Autograph Letter unsigned (incomplete?). Camp Garden of the Gods [Colorado], June 30, 1878. 4pp. To Mrs. Libbie M. Betzer and Children.
The writer, who suffered from lung problems and had come to be cured by the Colorado air, gives a long description of the Garden of the Gods near Colorado Springs - “a lively place to camp…such grand scenery and such nice valleys…”
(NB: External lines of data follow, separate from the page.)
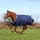 Bucas Atlantic Turnout 50g - Navy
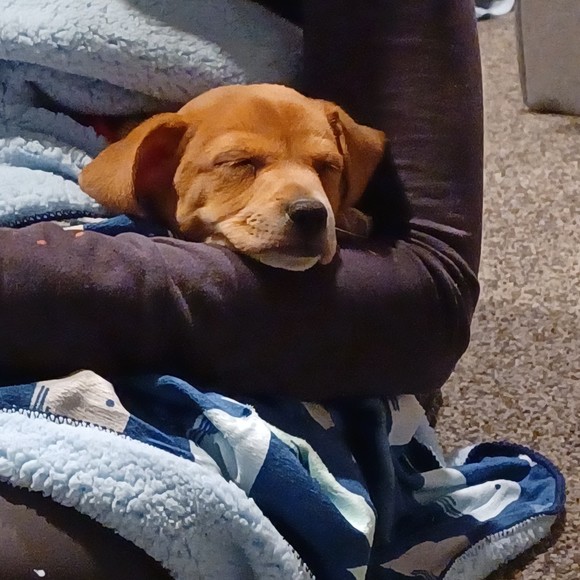 Meet your Posher, Ally - Picture 1 of 1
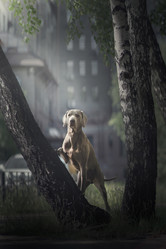 Similar image 21274073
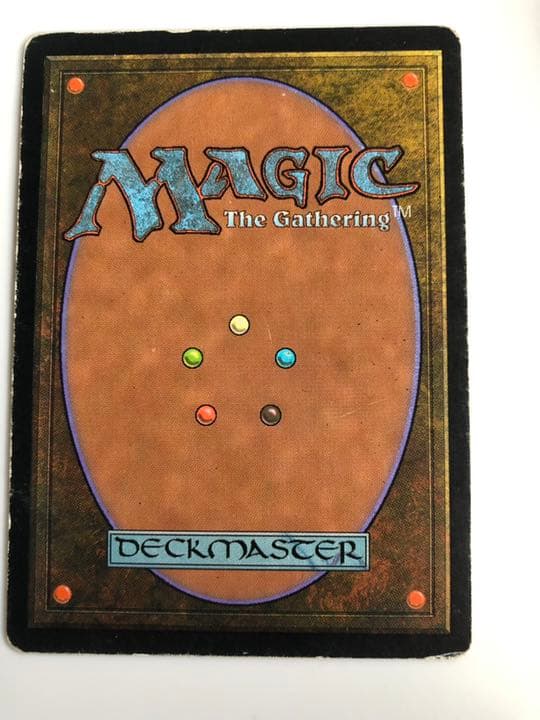 MTG 極楽鳥　3枚　日本語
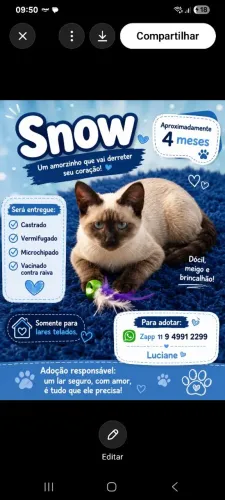Um lar para Snow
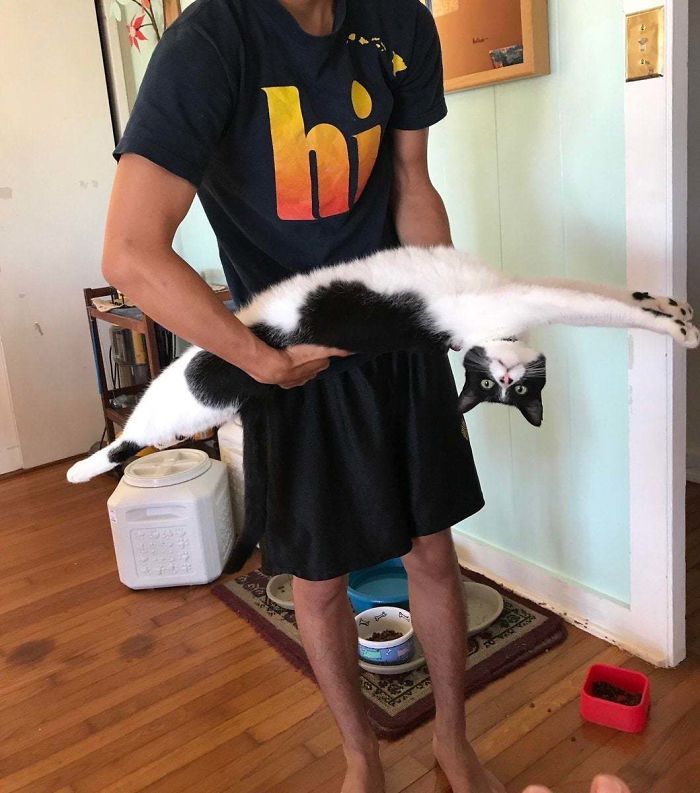 Люди делятся в сети уморительными фото своих длинных котов — и как только пушистым это удается. ФОТО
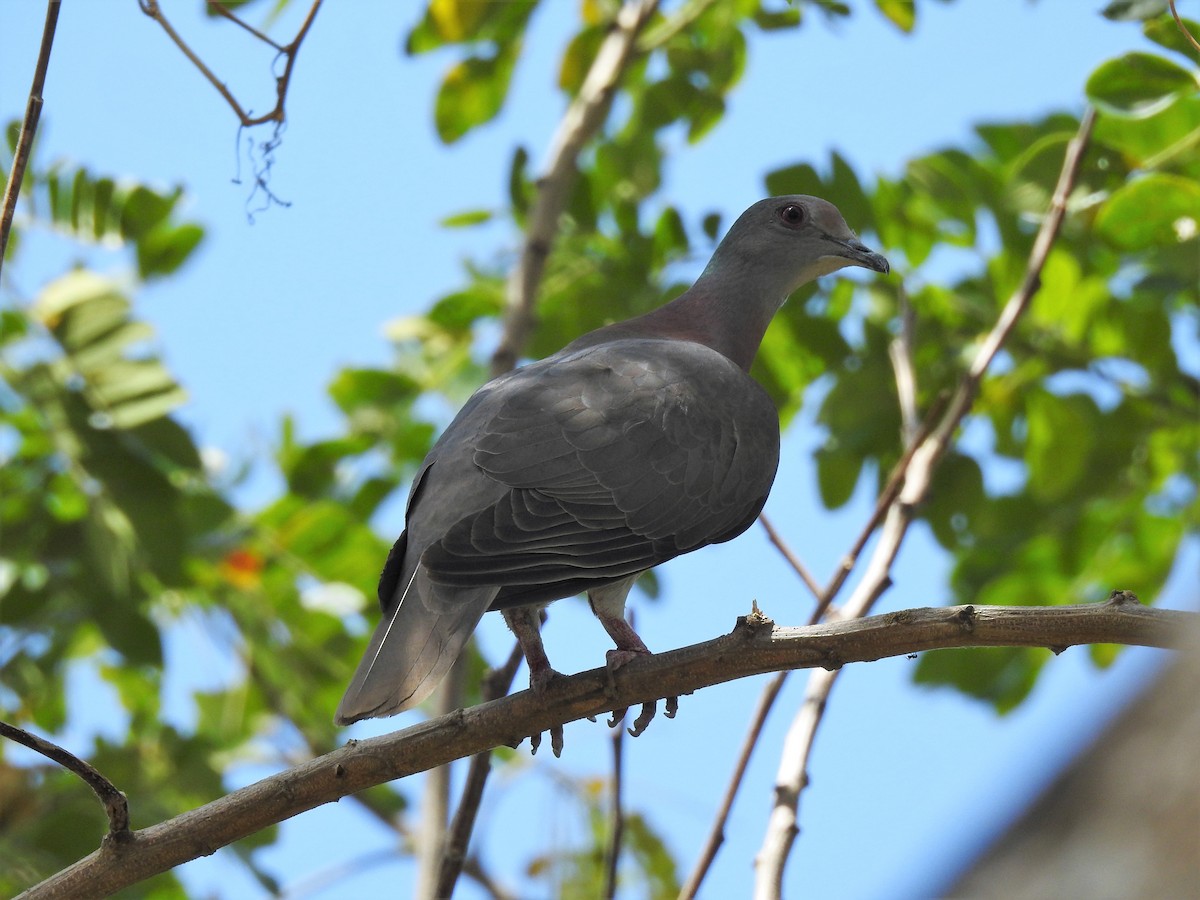 Pale-vented Pigeon - Brett Logan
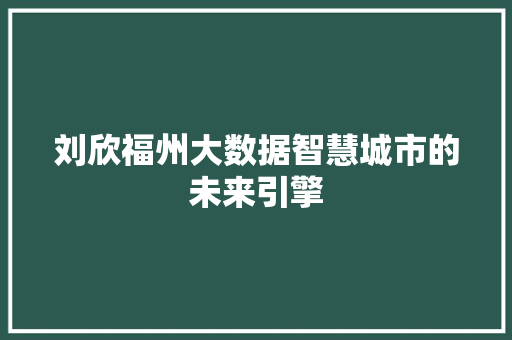 刘欣福州大数据智慧城市的未来引擎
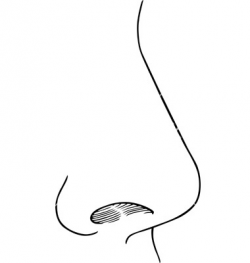 Nose clipart - Clipartix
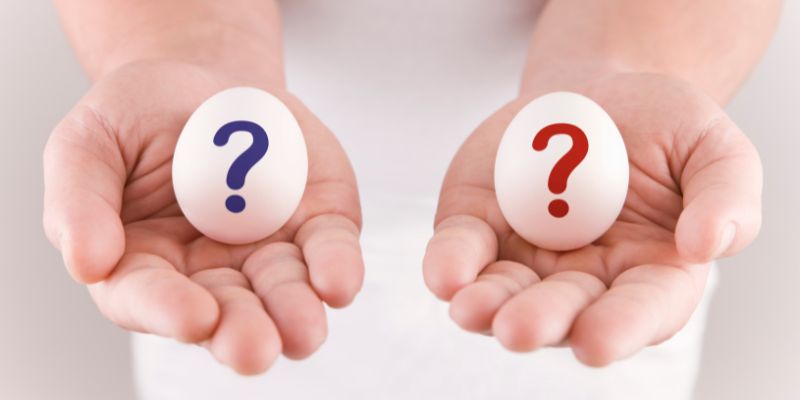 人事評価システムの選び方とは？おすすめの選定手順を紹介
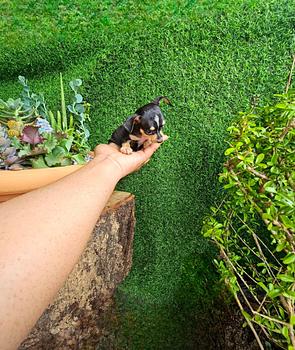 animales y mascotas - OFERTA CACHORRO CHIHUAHUA MACHO EN SANTO DOMINGO Y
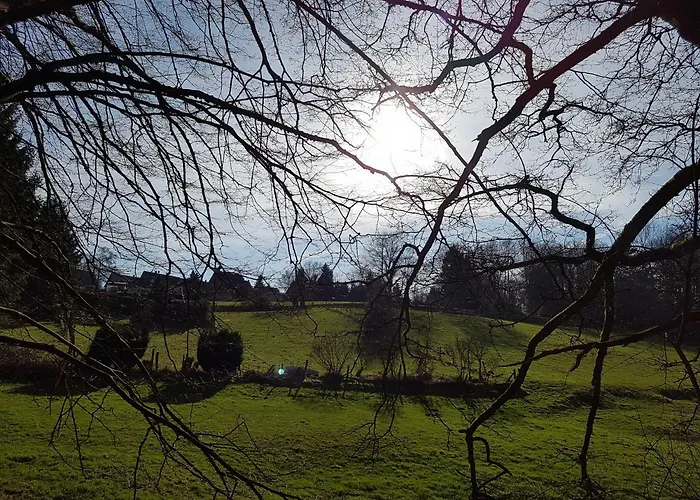 一步通全市度假屋&花园 *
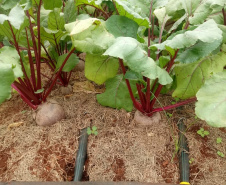 Uma das áreas destinadas ao Instituto de Desenvolvimento Rural do Paraná – Iapar-Emater reúne diferentes culturas e práticas agropecuárias. O evento, um dos principais do setor no País, deve receber cerca de 100 mil pessoas durante os cinco dias. Foto: Emater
Named by two surveyors 20 years before, the “Garden” was composed of “red sand stone, very soft and jagged…330 ft. high…Echo Rock, white sand stone…right at the south point is our wagon and tent…I took the cold chisel and cut my name and date so that it will stand for hundreds of years…by good grit and hard climbing we can go to the top…two great high walls and up the crevices where the rock has fell from the top and lodged in the cracks making a kind of stair way…there is cedar and pines (scrubby ones) growing almost to top of the rocks…In the big sinner is a cave about 100 feet long and 6 feet wide…” in which it was irresistible to “hallow” and hear the “roar” of the echo. There were constant visitors, men, women and children, arriving in “fancy rigs” or on pack animals, fresh from the train station, many camping for the night by the roadside – all standing atop the rocks, which were fairly easy to climb without danger of falling, even for the women, everyone”hallowing and singing…to hear themselves answered back…all the noises you ever heard…” The writer thought he could get plenty of work, hauling freight to Denver and was told he only needed cows and five acres to farm and could build a nice five-room home for $1000.
A year after the writer visited the area, a Colorado Springs philanthropist bought much of the land and later gave it to the city. Eventually, it became the public park which it is today.